■ How to complete this task
Go to the line below that has "SNR R170.23 rato guolio komplektas", print it and each line after it exactly, and stop after the line that has "B455-26-15XC"; leave out pictures.

■ Task material
◆ ◆ ◆ ◆

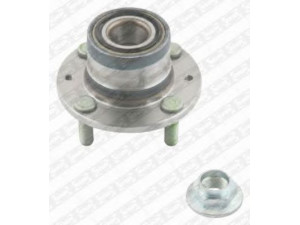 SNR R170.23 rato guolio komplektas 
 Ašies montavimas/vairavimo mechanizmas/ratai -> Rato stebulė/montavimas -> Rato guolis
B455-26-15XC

◆ ◆ ◆ ◆

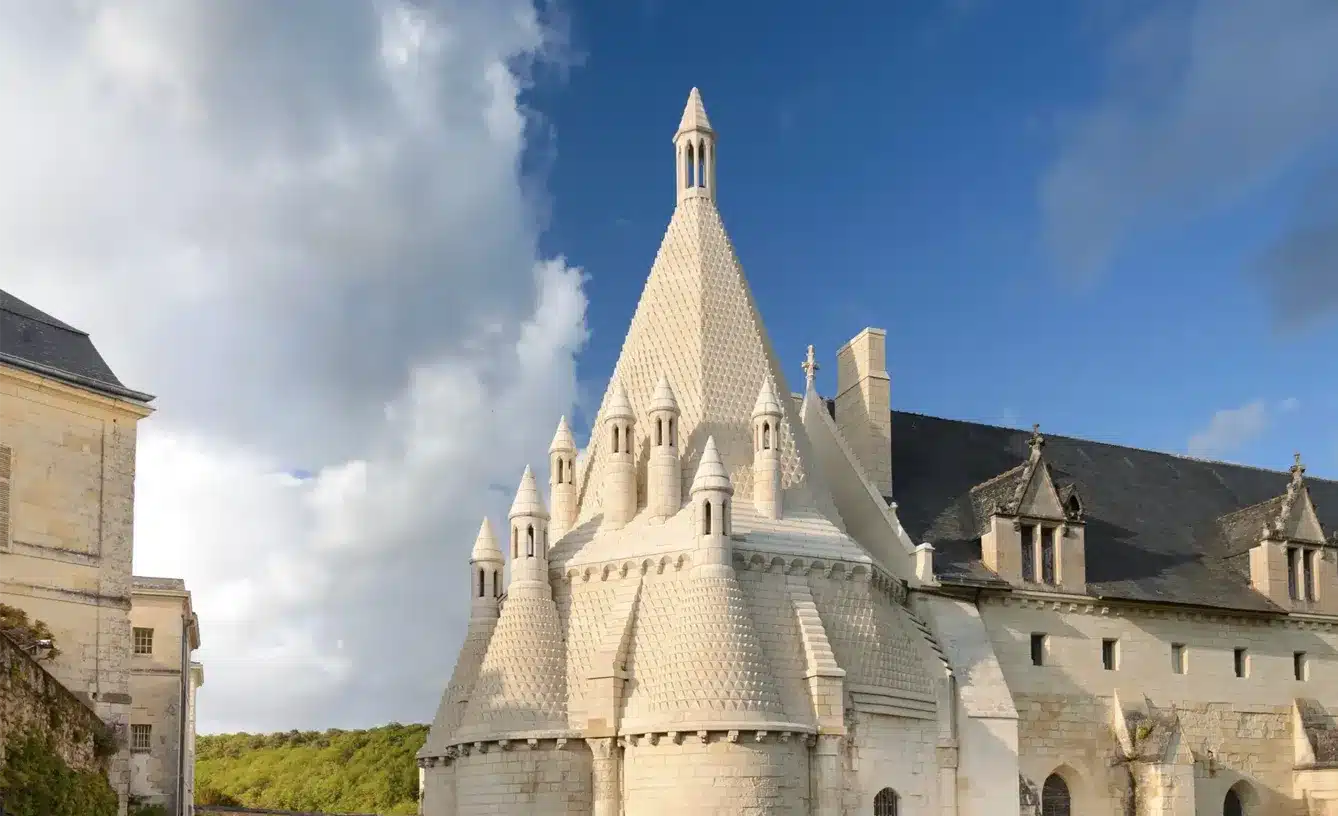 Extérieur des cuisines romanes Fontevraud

◆ ◆ ◆ ◆

■ Solved problem
 SNR R170.23 rato guolio komplektas 
 Ašies montavimas/vairavimo mechanizmas/ratai -> Rato stebulė/montavimas -> Rato guolis
B455-26-15XC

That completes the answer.